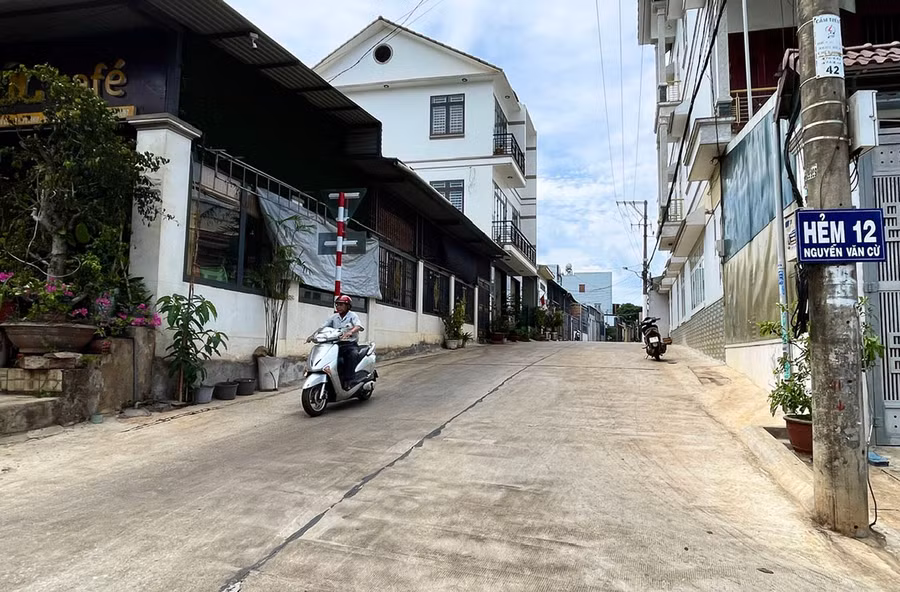 Người dân cho rằng Tổ trưởng tổ dân phố 4 và Ban giám sát hẻm 12 Nguyễn Văn Cừ (phường Diên Hồng, TP. Pleiku) chưa công khai, minh bạch đối với các khoản thu, chi làm đường, cống thoát nước. Ảnh: M.P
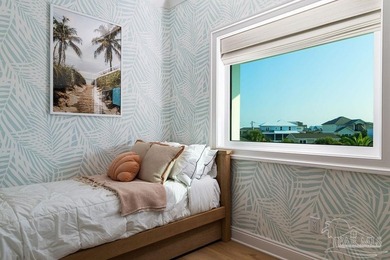 Uniquely positioned in one of the most coveted pockets of - photo 22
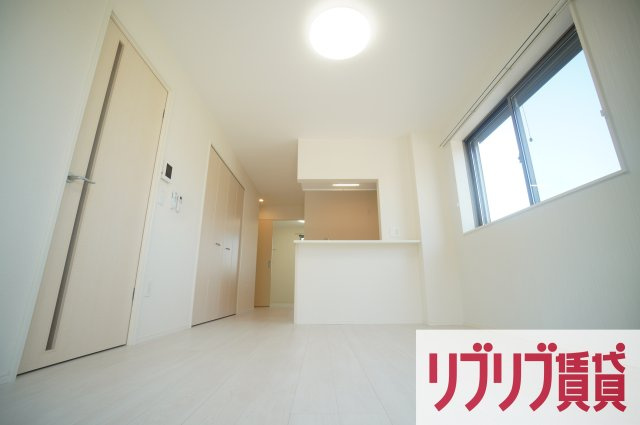 ロイヤルⅠの居間・リビング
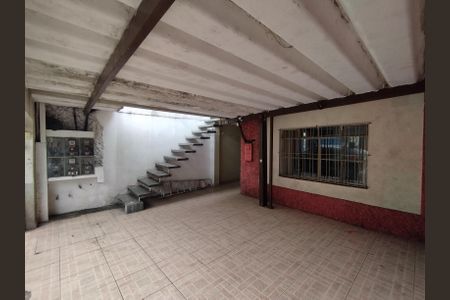 Casa à venda com 150m², 5 quartos e 2 vagas Casa à venda com 150m², 5 quartos e 2 vagasGaragem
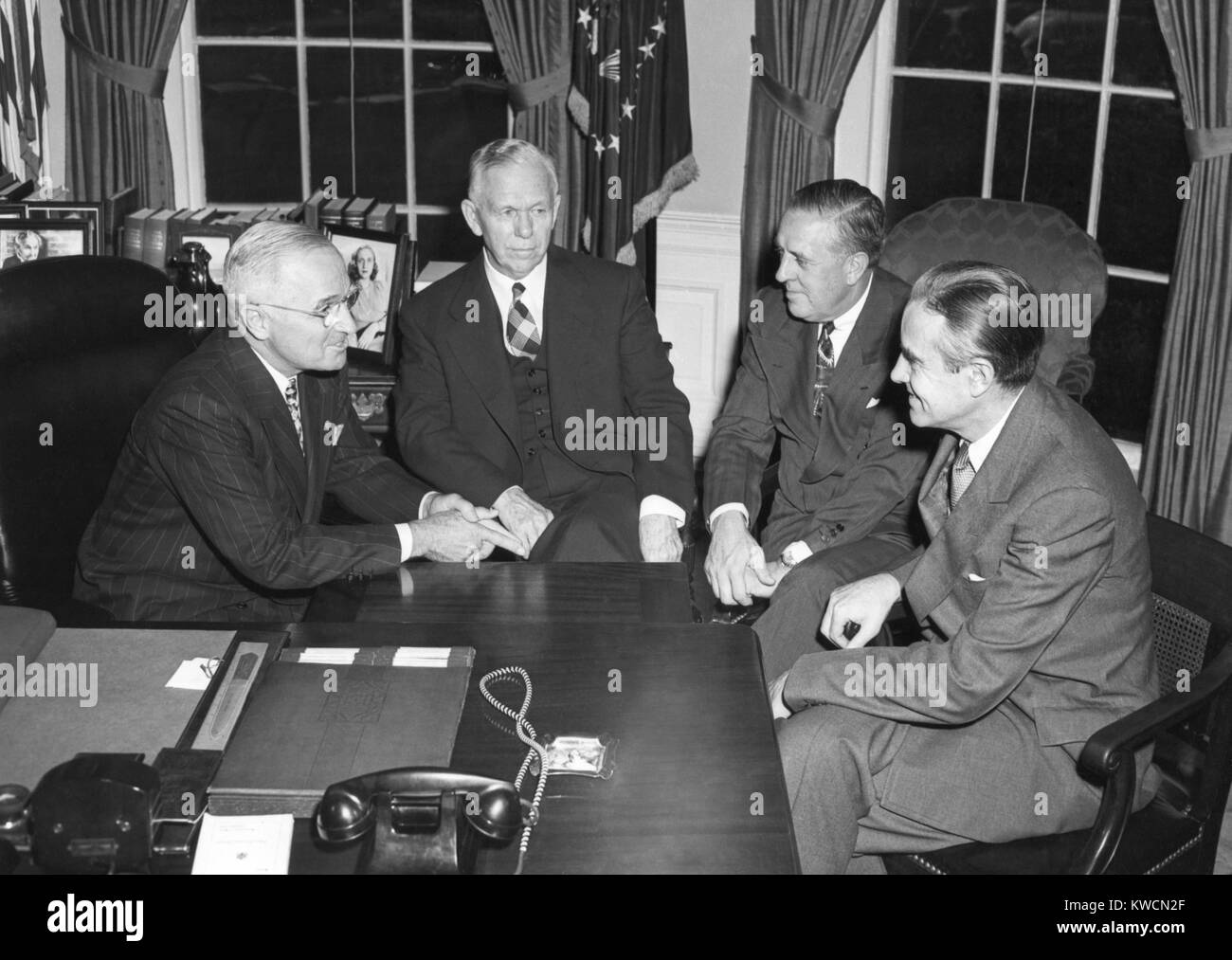 Truman confère avec les conseillers en matière de Plan Marshall, le 29 novembre 1948. L-R : Harry Truman, Sec. d'État George Marshall, Paul Hoffmann, et Averell Harriman. Paul Hoffmann a été directeur de l'Administration de la coopération économique, qui a administré le Plan Marshall. - BSLOC  2014 (15 à 69) Banque D'Images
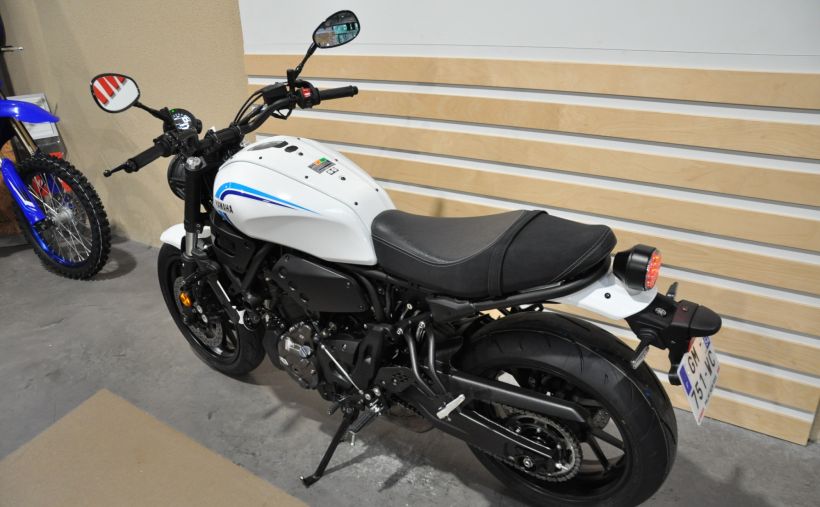 YAMAHA XSR 700 14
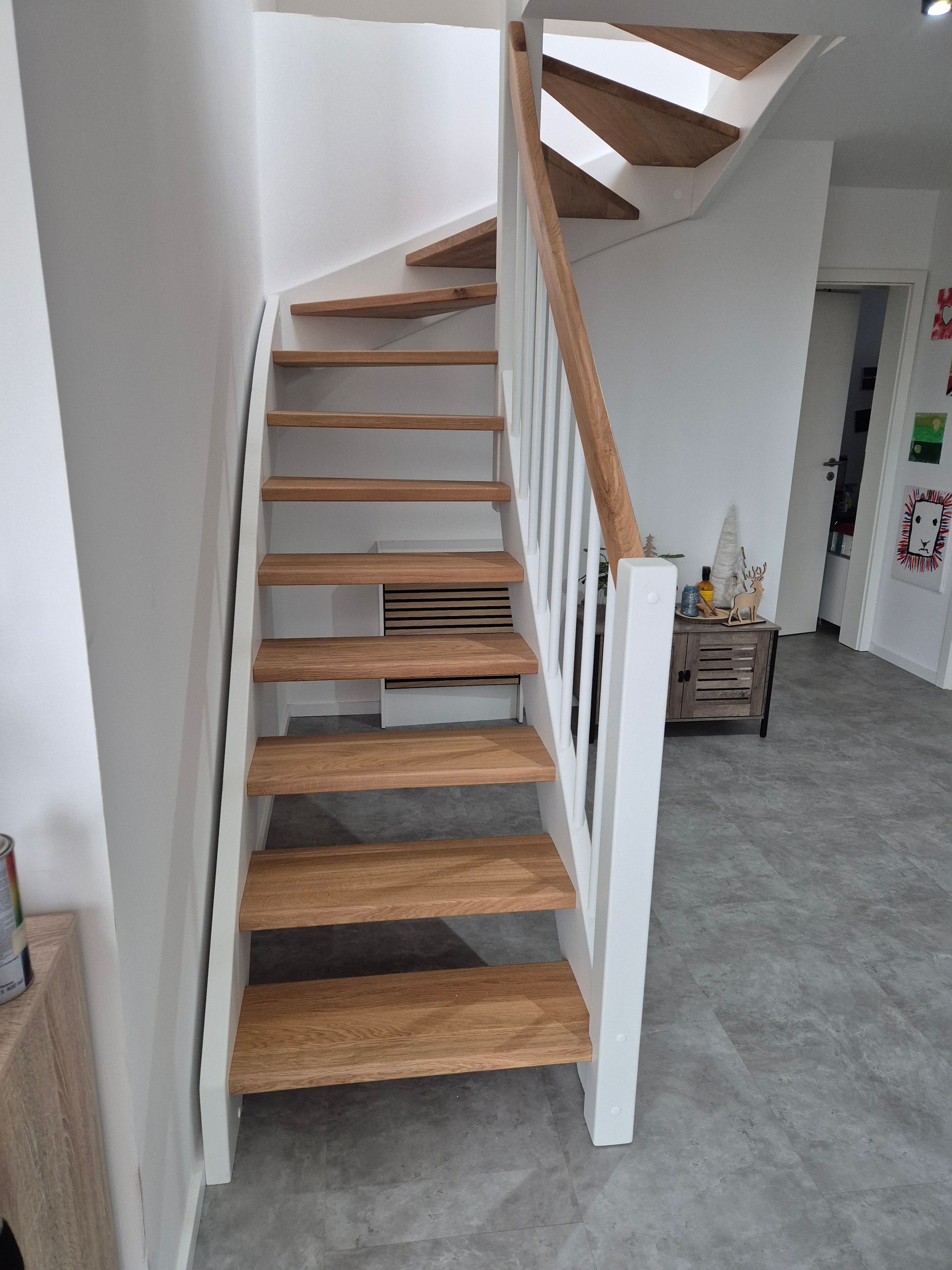 Weiße Wendeltreppe nach Maß von Böhmer Manufaktur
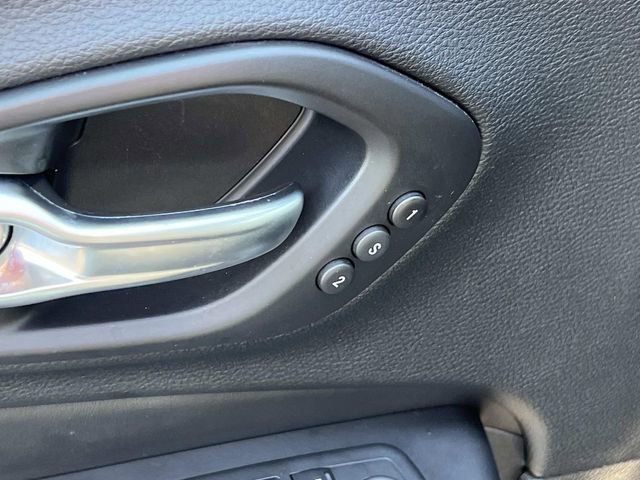 Used 2020 Jeep Cherokee Limited AWD/4WD image 18
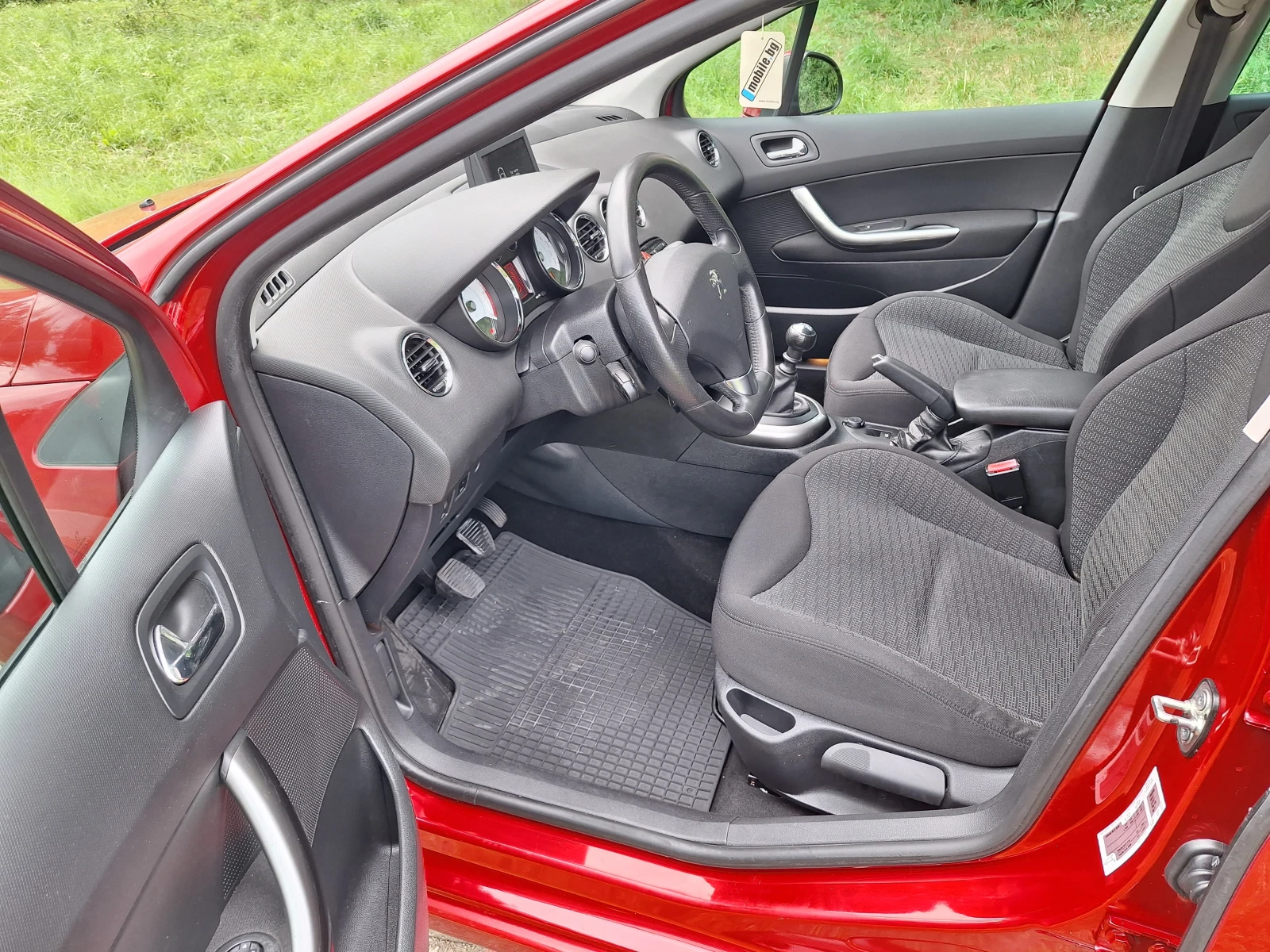 Peugeot 308 1.6 SW ALL E-HDI 115, снимка 7 - Автомобили и джипове - 55439320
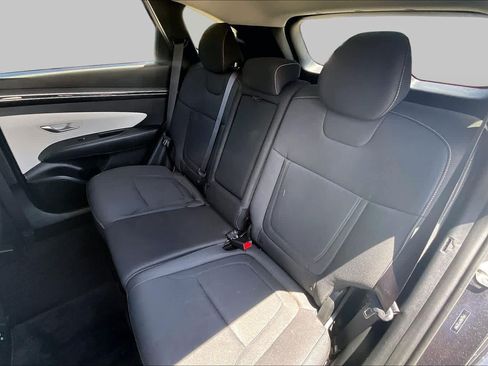 Used 2022 Hyundai Tucson SEL FWD image 18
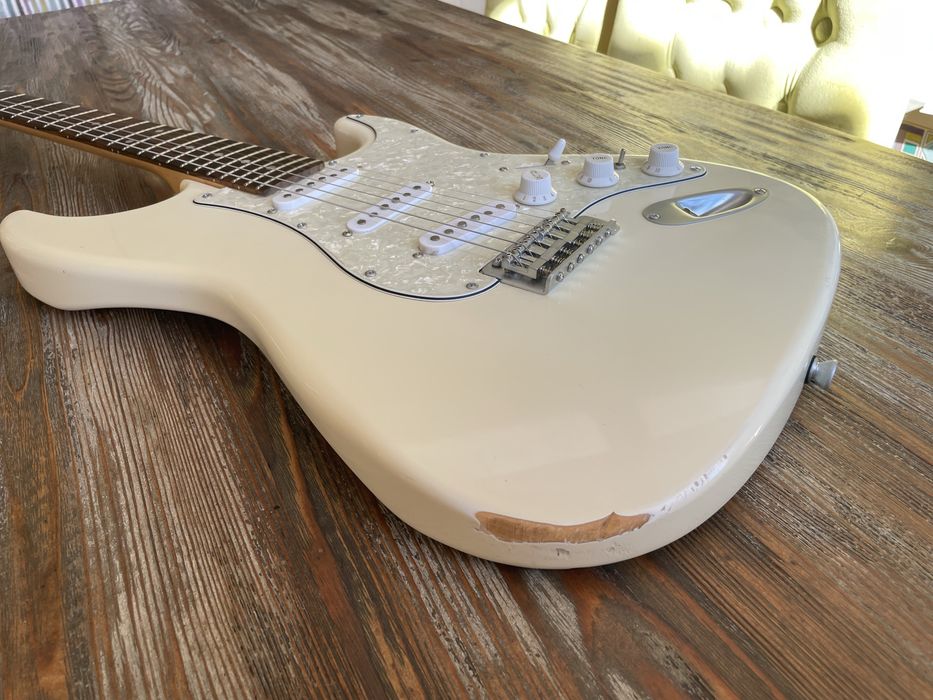 Стратокастер Реплика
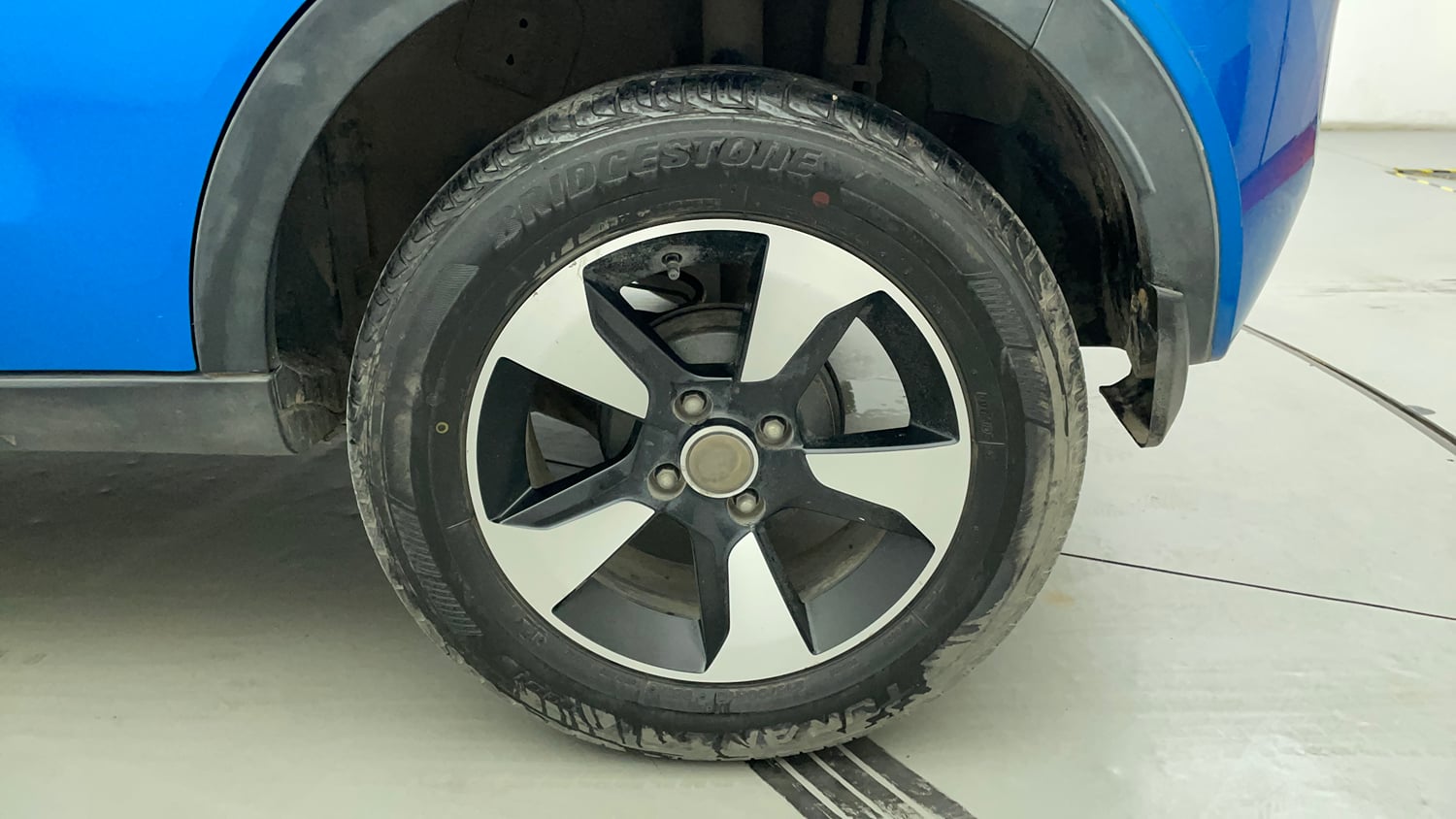Used 2017 Tata Nexon XZ Plus Diesel Diesel Manual tyres LEFT REAR TYRE RIM VIEW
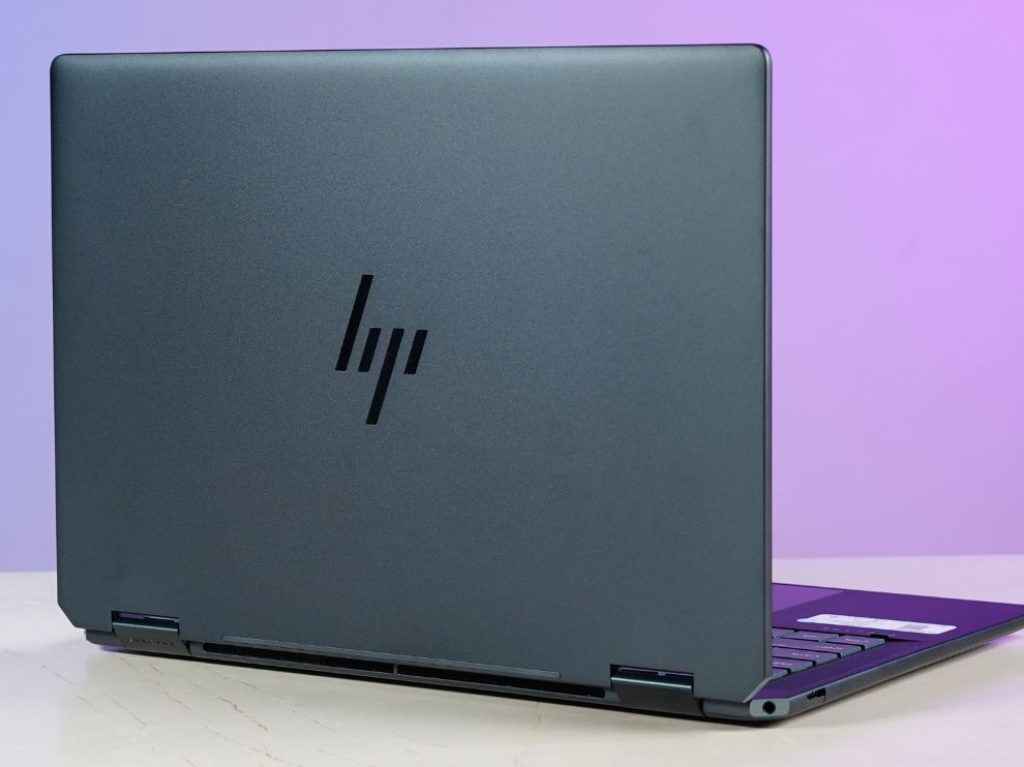 HP Spectre x360 14 Review: Laptop Lid Design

━━━━━━

_TASK GOAL_
The result should be every entry, word for word, and no pictures.

_TASK RESPONSE_
 Người dân cho rằng Tổ trưởng tổ dân phố 4 và Ban giám sát hẻm 12 Nguyễn Văn Cừ (phường Diên Hồng, TP. Pleiku) chưa công khai, minh bạch đối với các khoản thu, chi làm đường, cống thoát nước. Ảnh: M.P
 Uniquely positioned in one of the most coveted pockets of - photo 22
 ロイヤルⅠの居間・リビング
 Casa à venda com 150m², 5 quartos e 2 vagas Casa à venda com 150m², 5 quartos e 2 vagasGaragem
 Truman confère avec les conseillers en matière de Plan Marshall, le 29 novembre 1948. L-R : Harry Truman, Sec. d'État George Marshall, Paul Hoffmann, et Averell Harriman. Paul Hoffmann a été directeur de l'Administration de la coopération économique, qui a administré le Plan Marshall. - BSLOC  2014 (15 à 69) Banque D'Images
 YAMAHA XSR 700 14
 Weiße Wendeltreppe nach Maß von Böhmer Manufaktur
 Used 2020 Jeep Cherokee Limited AWD/4WD image 18
 Peugeot 308 1.6 SW ALL E-HDI 115, снимка 7 - Автомобили и джипове - 55439320
 Used 2022 Hyundai Tucson SEL FWD image 18
 Стратокастер Реплика
Used 2017 Tata Nexon XZ Plus Diesel Diesel Manual tyres LEFT REAR TYRE RIM VIEW
 HP Spectre x360 14 Review: Laptop Lid Design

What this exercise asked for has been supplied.